Макрон язвительно усмехнулся, и Энния покраснела, но не стала оправдываться и даже не опустила глаза.

– Я себя предавала, но не тебя! И ты обещал, что никогда не напомнишь мне об этом! Ты сам говорил, что мы должны быть едины. Так почему ты сейчас решил отдалиться от меня?

Макрон понимал, что жена права. Если заговор не удастся, то ее тоже не пощадят, и знала она что-либо или нет, это будет неважно. Ее сбросят с Тарпейской скалы вместе с ним, как изменницу.

– Хорошо! Ты все узнаешь. Вечером ты можешь присутствовать на встрече, и для тебя многое прояснится. А о Мессалине могу лишь сказать, что это сделал с ней наш любимый цезарь.

Энния тихо ахнула и прикрыла рот рукой.

– Кстати, как она сегодня? – спросил Макрон.

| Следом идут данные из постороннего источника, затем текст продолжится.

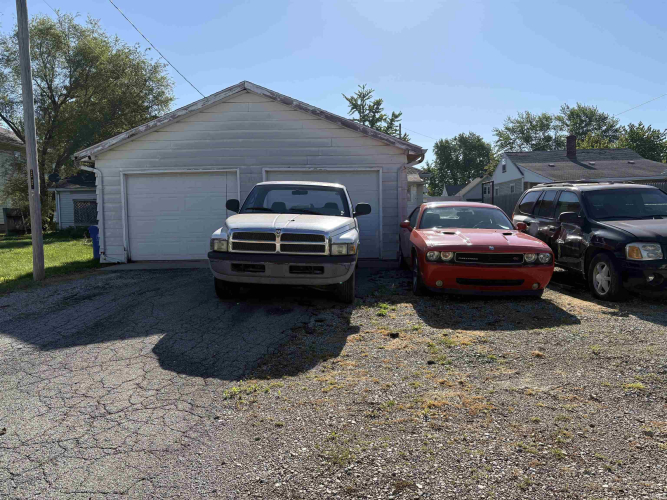 Listing Image 6
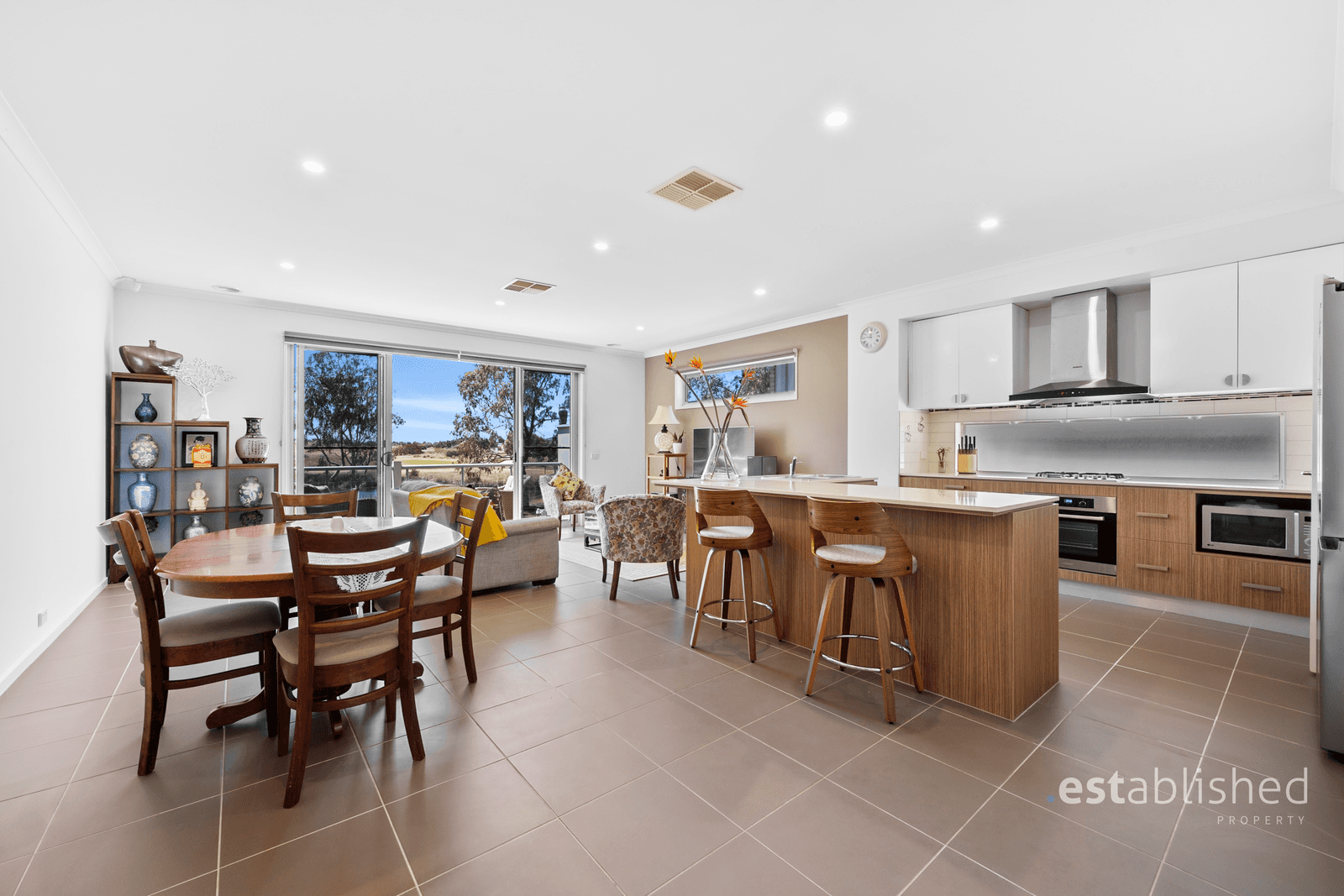 39 Broadbeach Circuit, SANCTUARY LAKES, VIC 3030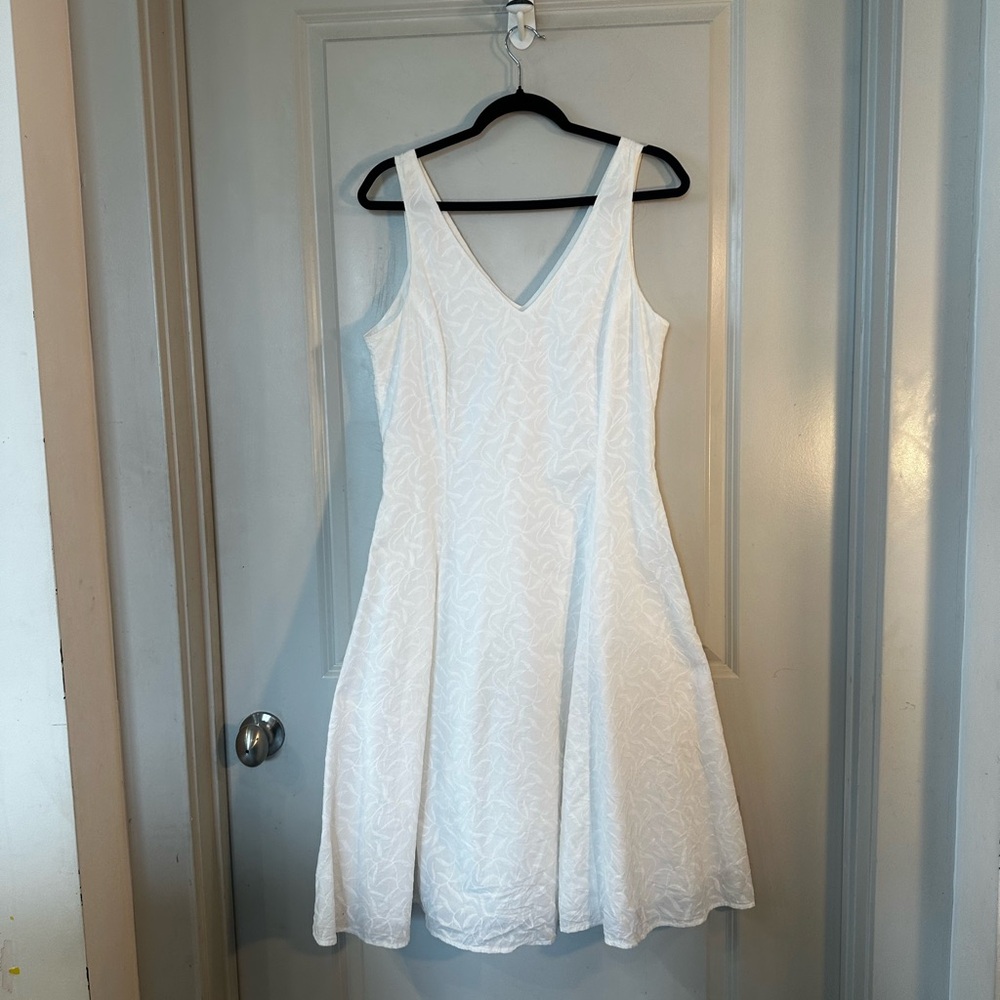 Feminine White Textured Floral Sleeveless Fit & Flare Skater Sun Dress, Medium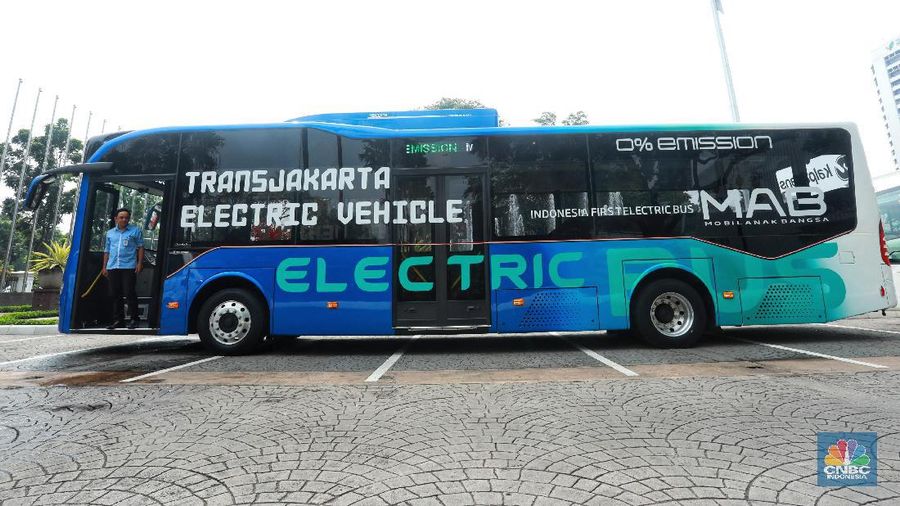 Bus yang digunakan adalah produksi perusahaan Tiongkok bernama BYD dan satu bus buatan Indonesia bernama MAB (Mobil Anak Bangsa).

– Уже лучше, – ответила Энния. – Сегодня встала и с аппетитом поела. О, Венера! Бедная девочка! Ее тело – сплошной синяк, но она на пути к выздоровлению. Мазь, которую дал лекарь, довольно быстро затянула все раны. Калигула превратился в настоящее чудовище! Мессалина совсем еще ребенок. Я так понимаю, ее отчим не знает, что произошло? Макрон отрицательно покачал головой.

– Он и не узнает, к счастью, он сейчас уехал из Рима по срочным делам. Мессалина – настоящая героиня! Она рисковала ради общего дела и добилась успеха. Теперь ничто не препятствует нам осуществить задуманное.

Лепид проснулся, едва солнечный луч скользнул по его лицу. Рядом в катедре дремала служанка. Он недовольно потянулся, распрямляя затекшие ноги, пора бы ему уже встать, несмотря на строгий запрет лекаря. Эмилий осторожно присел, голова уже не кружилась, и спустил ноги на пол. И тотчас перед глазами зароились черные мушки – предвестники обморока.